We generalize signature Gr\"obner bases, previously studied in the free algebra over a field or polynomial rings over a ring, to ideals in the mixed algebra $R[x_1,...,x_k]\langle y_1,\dots,y_n \rangle$ where $R$ is a principal ideal domain. We give an algorithm for computing them, combining elements from the theory of commutative and noncommutative (signature) Gr\"obner bases, and prove its correctness. Applications include extensions of the free algebra with commutative variables, e.g., for homogenization purposes or for performing ideal theoretic operations such as intersections, and computations over $\mathbb{Z}$ as universal proofs over fields of arbitrary characteristic. By extending the signature cover criterion to our setting, our algorithm also lifts some technical restrictions from previous noncommutative signature-based algorithms, now allowing, e.g., elimination orderings. We provide a prototype implementation for the case when $R$ is a field, and show that our algorithm for the mixed algebra is more efficient than classical approaches using existing algorithms.

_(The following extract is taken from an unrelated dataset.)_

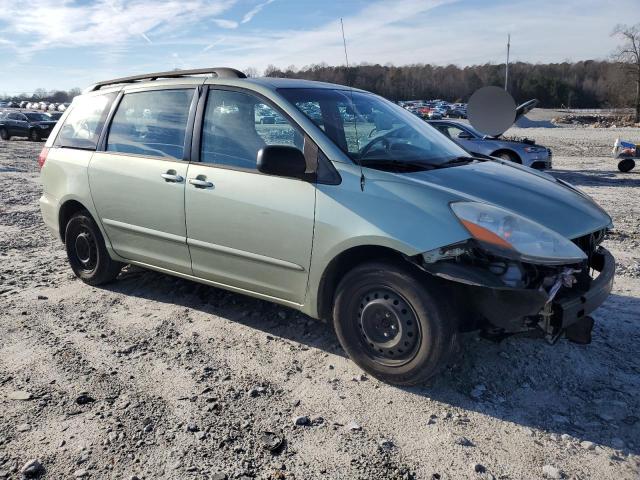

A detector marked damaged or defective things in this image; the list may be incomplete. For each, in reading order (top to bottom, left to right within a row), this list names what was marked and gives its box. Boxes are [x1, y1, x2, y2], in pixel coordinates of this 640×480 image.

damaged green minivan [38, 67, 616, 384]
crushed front end [420, 227, 616, 344]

翻译：本文将签名Gröbner基（先前仅在域上自由代数或环上多项式环中研究）推广至混合代数$R[x_1,...,x_k]\langle y_1,\dots,y_n \rangle$中的理想，其中$R$为主理想整环。我们提出一种结合交换与非交换（签名）Gröbner基理论要素的计算算法，并证明其正确性。应用包括含交换变量的自由代数扩展（例如用于齐次化处理或交运算等理想论操作），以及关于$\mathbb{Z}$的计算（作为任意特征域上的泛化证明）。通过将签名覆盖准则推广至本文框架，该算法还解除了此前非交换签名基算法中的若干技术限制，例如现在允许消元序。我们针对$R$为域的情形给出了原型实现，并证明混合代数的算法相较于使用现有算法的经典方法具有更高效率。